• **Work required**: While reading through the material below, copy each line that holds the word "view".

== Segment start ==

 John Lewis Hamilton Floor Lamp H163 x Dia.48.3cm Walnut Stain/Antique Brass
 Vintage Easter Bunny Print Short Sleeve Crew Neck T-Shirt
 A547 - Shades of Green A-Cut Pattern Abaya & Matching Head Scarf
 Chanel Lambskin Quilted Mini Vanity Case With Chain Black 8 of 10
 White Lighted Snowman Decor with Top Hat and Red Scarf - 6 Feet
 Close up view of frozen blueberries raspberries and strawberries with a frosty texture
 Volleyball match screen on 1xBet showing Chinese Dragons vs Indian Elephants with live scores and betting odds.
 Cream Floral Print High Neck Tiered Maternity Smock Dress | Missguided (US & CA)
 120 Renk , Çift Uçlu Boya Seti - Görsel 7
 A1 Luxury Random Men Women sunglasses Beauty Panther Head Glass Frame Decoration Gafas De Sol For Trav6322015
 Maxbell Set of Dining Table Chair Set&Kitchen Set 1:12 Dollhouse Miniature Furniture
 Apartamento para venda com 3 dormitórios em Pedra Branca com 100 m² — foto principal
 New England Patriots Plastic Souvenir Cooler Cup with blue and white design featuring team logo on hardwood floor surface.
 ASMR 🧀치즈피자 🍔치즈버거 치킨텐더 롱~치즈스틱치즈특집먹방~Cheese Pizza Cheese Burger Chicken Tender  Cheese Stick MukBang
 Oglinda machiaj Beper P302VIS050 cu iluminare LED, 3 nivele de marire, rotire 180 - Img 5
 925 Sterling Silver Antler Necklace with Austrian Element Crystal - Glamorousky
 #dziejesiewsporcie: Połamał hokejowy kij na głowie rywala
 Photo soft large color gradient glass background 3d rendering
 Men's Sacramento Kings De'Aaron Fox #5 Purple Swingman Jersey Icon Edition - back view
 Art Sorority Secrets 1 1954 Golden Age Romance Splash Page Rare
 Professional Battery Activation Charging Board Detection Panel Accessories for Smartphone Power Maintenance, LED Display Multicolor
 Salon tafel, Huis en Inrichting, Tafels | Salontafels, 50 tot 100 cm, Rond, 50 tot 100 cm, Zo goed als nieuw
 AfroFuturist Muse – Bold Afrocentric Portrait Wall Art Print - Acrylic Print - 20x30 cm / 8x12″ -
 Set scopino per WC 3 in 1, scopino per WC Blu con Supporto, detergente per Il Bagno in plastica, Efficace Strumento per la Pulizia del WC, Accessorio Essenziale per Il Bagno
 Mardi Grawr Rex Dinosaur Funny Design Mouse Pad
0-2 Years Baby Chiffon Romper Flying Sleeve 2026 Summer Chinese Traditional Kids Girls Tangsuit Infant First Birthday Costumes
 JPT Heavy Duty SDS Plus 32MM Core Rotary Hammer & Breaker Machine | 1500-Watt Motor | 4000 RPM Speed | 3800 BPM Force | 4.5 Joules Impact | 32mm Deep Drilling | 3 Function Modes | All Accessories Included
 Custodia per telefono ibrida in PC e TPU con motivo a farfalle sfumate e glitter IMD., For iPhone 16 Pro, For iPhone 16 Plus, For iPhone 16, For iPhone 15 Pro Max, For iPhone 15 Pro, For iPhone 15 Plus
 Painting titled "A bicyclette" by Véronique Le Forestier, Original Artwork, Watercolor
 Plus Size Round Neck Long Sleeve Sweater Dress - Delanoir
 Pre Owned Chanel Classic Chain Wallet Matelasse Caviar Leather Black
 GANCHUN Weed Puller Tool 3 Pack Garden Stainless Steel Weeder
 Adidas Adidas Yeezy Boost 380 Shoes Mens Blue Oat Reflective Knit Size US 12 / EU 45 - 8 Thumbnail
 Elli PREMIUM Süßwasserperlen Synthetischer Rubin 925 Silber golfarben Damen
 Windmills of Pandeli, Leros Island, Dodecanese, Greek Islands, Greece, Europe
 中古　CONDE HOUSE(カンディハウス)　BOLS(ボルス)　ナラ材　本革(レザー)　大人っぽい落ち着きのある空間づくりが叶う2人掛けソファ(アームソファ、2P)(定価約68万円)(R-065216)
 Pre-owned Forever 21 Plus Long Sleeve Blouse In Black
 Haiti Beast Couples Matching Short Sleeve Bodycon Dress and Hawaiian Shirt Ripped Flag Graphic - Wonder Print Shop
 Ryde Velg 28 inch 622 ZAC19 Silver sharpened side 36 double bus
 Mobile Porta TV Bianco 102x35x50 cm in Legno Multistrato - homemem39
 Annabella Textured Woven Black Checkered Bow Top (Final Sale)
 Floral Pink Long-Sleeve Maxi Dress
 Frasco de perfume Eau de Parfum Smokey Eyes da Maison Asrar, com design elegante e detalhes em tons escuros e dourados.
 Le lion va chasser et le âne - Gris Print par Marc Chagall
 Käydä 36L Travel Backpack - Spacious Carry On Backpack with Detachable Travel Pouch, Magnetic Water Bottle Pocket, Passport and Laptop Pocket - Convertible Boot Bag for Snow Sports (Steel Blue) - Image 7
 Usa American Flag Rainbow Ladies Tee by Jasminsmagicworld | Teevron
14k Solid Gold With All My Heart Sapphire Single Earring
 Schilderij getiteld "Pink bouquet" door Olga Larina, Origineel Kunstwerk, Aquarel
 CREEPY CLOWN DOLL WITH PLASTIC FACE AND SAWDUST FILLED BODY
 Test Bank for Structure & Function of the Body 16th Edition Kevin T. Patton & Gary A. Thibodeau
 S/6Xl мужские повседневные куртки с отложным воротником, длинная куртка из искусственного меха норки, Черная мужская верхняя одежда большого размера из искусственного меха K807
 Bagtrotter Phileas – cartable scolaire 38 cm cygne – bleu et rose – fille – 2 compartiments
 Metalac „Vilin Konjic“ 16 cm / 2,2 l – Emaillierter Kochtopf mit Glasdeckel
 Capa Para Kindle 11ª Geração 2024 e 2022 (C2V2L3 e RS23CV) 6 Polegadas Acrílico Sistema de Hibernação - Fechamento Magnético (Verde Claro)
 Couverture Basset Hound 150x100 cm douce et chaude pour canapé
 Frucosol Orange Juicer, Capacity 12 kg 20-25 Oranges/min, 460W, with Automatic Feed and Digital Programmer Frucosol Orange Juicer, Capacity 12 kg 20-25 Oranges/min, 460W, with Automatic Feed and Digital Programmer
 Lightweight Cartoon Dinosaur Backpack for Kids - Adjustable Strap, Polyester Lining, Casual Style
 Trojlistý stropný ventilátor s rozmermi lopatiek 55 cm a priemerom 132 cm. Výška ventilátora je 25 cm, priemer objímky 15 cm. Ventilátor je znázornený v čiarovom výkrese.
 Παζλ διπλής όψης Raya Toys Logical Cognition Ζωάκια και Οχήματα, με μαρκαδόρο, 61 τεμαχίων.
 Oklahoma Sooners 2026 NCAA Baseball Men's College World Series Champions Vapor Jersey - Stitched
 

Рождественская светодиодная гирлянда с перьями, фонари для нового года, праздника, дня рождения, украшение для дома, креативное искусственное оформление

== Segment end ==

• **Result of this task**:
 Close up view of frozen blueberries raspberries and strawberries with a frosty texture
 Men's Sacramento Kings De'Aaron Fox #5 Purple Swingman Jersey Icon Edition - back view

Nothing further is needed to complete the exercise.